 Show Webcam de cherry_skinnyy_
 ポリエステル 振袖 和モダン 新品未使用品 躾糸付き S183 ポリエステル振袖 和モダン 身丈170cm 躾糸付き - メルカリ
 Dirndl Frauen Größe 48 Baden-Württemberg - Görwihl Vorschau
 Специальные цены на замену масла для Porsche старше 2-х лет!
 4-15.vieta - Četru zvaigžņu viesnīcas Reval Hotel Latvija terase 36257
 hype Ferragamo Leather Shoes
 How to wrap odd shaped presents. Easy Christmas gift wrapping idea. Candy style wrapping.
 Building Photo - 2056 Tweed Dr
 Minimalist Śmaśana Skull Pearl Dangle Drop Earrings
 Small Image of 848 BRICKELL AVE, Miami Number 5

_____

What you should do. Copy out the data above, word for word.

Task answer.
 Show Webcam de cherry_skinnyy_
 ポリエステル 振袖 和モダン 新品未使用品 躾糸付き S183 ポリエステル振袖 和モダン 身丈170cm 躾糸付き - メルカリ
 Dirndl Frauen Größe 48 Baden-Württemberg - Görwihl Vorschau
 Специальные цены на замену масла для Porsche старше 2-х лет!
 4-15.vieta - Četru zvaigžņu viesnīcas Reval Hotel Latvija terase 36257
 hype Ferragamo Leather Shoes
 How to wrap odd shaped presents. Easy Christmas gift wrapping idea. Candy style wrapping.
 Building Photo - 2056 Tweed Dr
 Minimalist Śmaśana Skull Pearl Dangle Drop Earrings
 Small Image of 848 BRICKELL AVE, Miami Number 5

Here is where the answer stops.